Das KWK. hat daher seine alten Verbindungen mit den verschiedenen
wissenschaftlichen Instituten, die sich mit der Förderung der tropischen
Landwirtschaft warmer Länder befassen, nicht nur wieder aufgenommen,
sondern ist ständig bemüht, diese auszubauen. Das Ergebnis dieser
Bemühungen ist aus dem Zeitschriftenaustausch erkennbar. Zur Zeit gehen
regelmäßig etwa 65 deutschsprachige und 200 fremdsprachige
Zeitschriften ein, die durchgesehen werden und deren bedeutungsvoller Inhalt im
Tropenpflanzer referiert wird, der das Verbindungsglied und den Mittler
in sachlicher Beziehung zwischen unseren in den warmen Ländern als
Pflanzer und Farmer tätigen Volksgenossen und der Heimat darstellt.
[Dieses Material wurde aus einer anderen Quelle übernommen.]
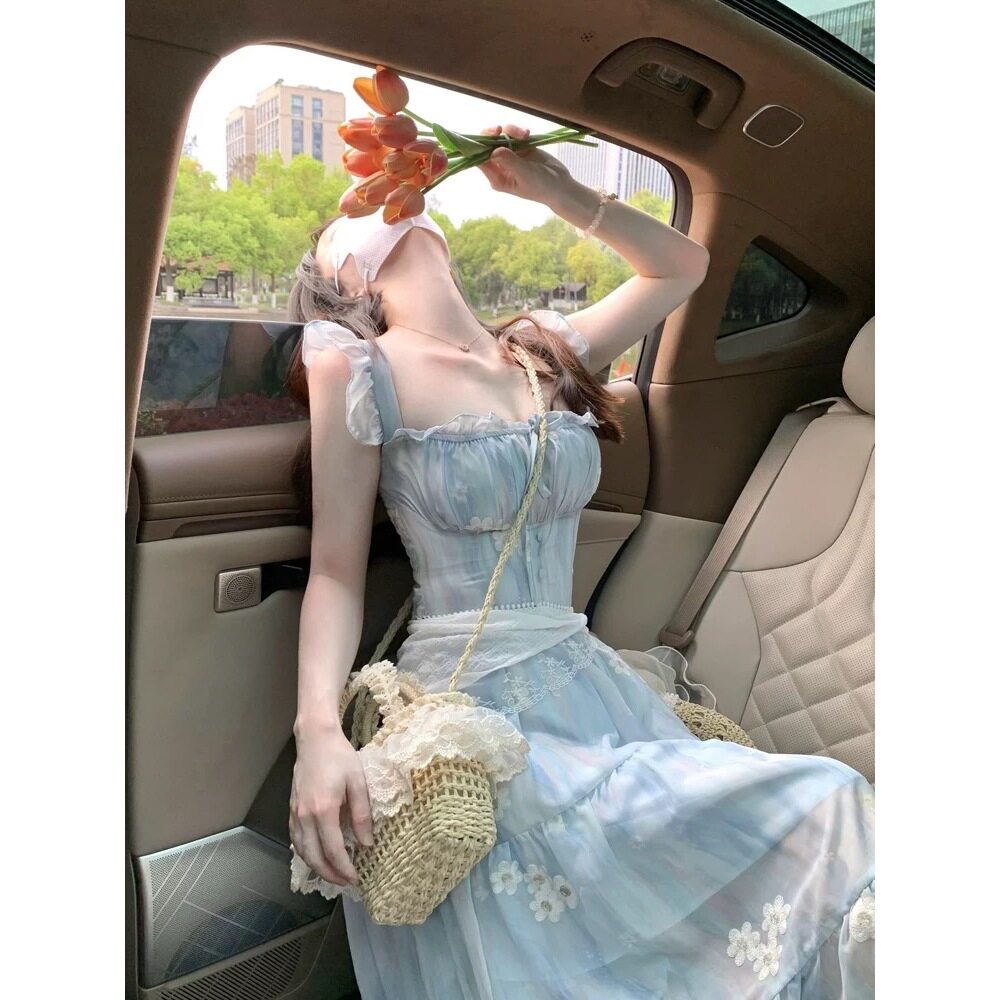旅游度假超仙连衣裙拍照露背蝴蝶结系带甜美碎花裙法式a字裙长裙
Seiner alten Arbeitsweise getreu, ist das KWK. bemüht, unsere in den
warmen Ländern als Farmer und Pflanzer tätigen Volksgenossen in
ihrer wirtschaftlichen Tätigkeit zu beraten und zu stützen. Es ist
für die Deutschen draußen die Zentralstelle, die für die
sach- und fachgemäße Untersuchung aller Rohstoffe pflanzlicher und
mineralischer Art durch Zusammenarbeit mit den entsprechenden
wissenschaftlichen Instituten der Heimat Sorge trägt, ihnen die Ergebnisse
übermittelt und für die Gewinnung, Ausbeute und namentlich die
Absatzfrage Rat und Auskunft gewährt. Bereits um die Jahrhundertwende
beschäftigte sich das KWK. mit dem Problem der Ramiekultur; auch heute
wieder ist es an Arbeiten und Untersuchungen führend beteiligt, die sich
mit der Lösung der Aufbereitungsfrage der Ramiefaser befassen.
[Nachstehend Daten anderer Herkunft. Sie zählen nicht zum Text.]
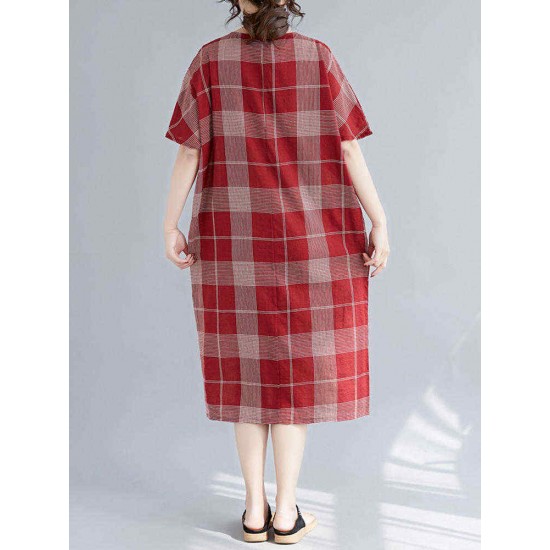 Women Casual Plaid V-neck Short Sleeve Pockets Dress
Die in jahrelanger Arbeit gesammelten Erfahrungen werden
selbstverständlich auch den heimischen Kreisen und der Wirtschaft
weitgehendst zur Verfügung gestellt.
Das KWK. ist weiterhin bestrebt, unsere kolonialwirtschaftlichen Erfahrungen zu
erhalten und durch Ausschöpfen neuer Erkenntnisse aus fremden
Ländern stets auf dem laufenden zu halten. Es dient hierzu einmal der
bereits erwähnte stattliche Austausch mit diesen namentlich
fremdländischen Zeitschriften und zum andern die
Fachbücherei, die sich ständig erweitert und zur Zeit
nahezu 11 000 Bände umfaßt. Es ist damit die
Möglichkeit geschaffen, daß junger Nachwuchs sich auf Grund der
alten Erfahrungen und durch Aneignung der neu gewonnenen Erkenntnisse
für [424] den Beruf als
Tropenwirt und im Kolonialdienst in jeder Beziehung die notwendigen
Vorkenntnisse aneignen kann, um sodann bei der Rückgabe unserer
Kolonien sich auf Grund der erarbeiteten Erkenntnisse für die Entwicklung
dieser Gebiete einsetzen zu können. Als gemeinnützige Organisation
erteilt das KWK. seinen Mitgliedern und allen in fremden Ländern
tätigen Volksgenossen Rat, Auskunft und Gutachten in allen kolonialen
Wirtschaftsfragen. Wer sich für Einzelheiten über die Entwicklung
und die bisherigen Arbeiten des Kolonial-Wirtschaftlichen Komitees interessiert,
sei auf die Jubiläumsschrift Das
Kolonial-Wirtschaftliche Komitee, Ein Rückblick auf seine
Entstehung und seine Arbeiten aus Anlaß des Gedenkjahres
50jähriger deutscher Kolonialarbeit, verwiesen, die von der
Geschäftsstelle des KWK., Berlin W9, Schellingstr. 6, den
Lesern dieses Buches kostenlos geliefert wird.